The statements, views and opinions expressed in this column are solely those of the author and do not necessarily represent those of this site. This site does not give financial, investment or medical advice.

Every once in awhile you run across a comment that so adequately sums up a story that you can’t help but marvel at the brilliance of the commenter.
While reading the most recent David Stockman and Contra Corner post on the economic destruction of Ukraine, entitled, “Ukraine Economic Indicators Down 20% And Still Plunging: Thanks For The Coup, Washington!”  I ran across this comment that summed up the entire Ukraine fiasco, from start to middle, to what’s next, in a simple 13 bullet points.

Ukraine is like Tar Baby of the Uncle Remus story. Tar Baby has come to mean a sticky situation or an object that nobody really wanted but that stuck to them if they touched it.
1. Ukraine’s GDP in 2013 was about the same as in 1992 when the USSR collapsed. It has never recovered from the worldwide 2008 financial crisis.
2. Ukraine’s mining and industrial sectors (east Ukraine) are antiquated and energy-inefficient, and have survived only on cheap oil and gas from Russia.

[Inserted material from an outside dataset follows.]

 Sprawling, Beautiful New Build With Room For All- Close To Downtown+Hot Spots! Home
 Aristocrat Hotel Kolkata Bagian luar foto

These sectors cannot survive if exposed to competition from modern EU factories and EU-quality goods.
3. Since 1992, Ukraine’s economy has been plundered mercilessly by its oligarchs, many of whom are former crime bosses, all of whom are now billionaires and most in league with the Kiev government.

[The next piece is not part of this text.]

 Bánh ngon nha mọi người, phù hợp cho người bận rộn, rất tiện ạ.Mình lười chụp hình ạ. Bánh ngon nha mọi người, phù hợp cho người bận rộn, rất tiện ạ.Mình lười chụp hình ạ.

4. Ukraine is ethnically, linguistically, and philosophically divided, with: (a) an industrialized Russian-speaking east; and (b) an agricultural west of Ukraine speakers which was formerly parts of Hungary and Poland, and is largely anti-Russian in the extreme.
5. Ukraine has survived since 1992 on IMF loans, subsidies from Russia in the form of loans and cheap oil and gas, and on preferred access to Russian markets.

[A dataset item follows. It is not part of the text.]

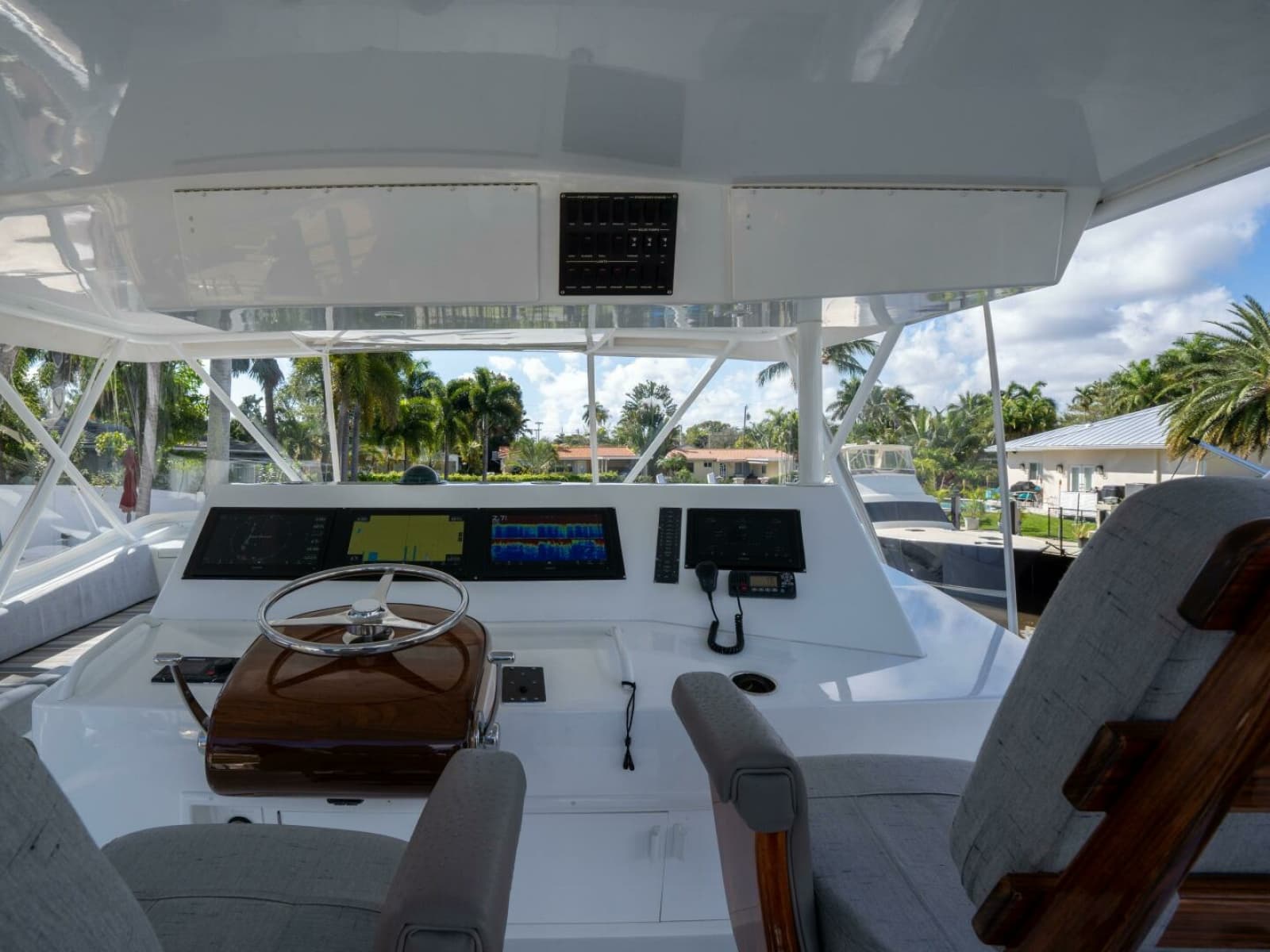 1998 Viking 58 Convertible - Photo 6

6. One of the first actions of the Kiev government under Yatsenyuk was to pass laws outlawing the use of the Russian language in government and education. The Russian-speaking east took this as a demonstration of Kiev’s intention to make Russian speakers second-class citizens, and reacted by choosing to leave Ukraine.
7. One of the triggers of the Maidan coup was then-PM Yanukovich’s refusal to sign over Ukraine to the US/EU/NATO by adopting the Association Agreement (“AA”). The AA would have cost Ukraine $20 Billion in direct market adjustment costs, which Ukraine asked the EU to help with. The EU, being broke, having just bailed out the PIIGS, refused. Russia then offered cheap natural gas, a loan of $15 Billion, and a customs union. Yanukovich accepted the Russian deal, so US/EU/NATO ousted him and replaced him with the puppet Yatsenyuk.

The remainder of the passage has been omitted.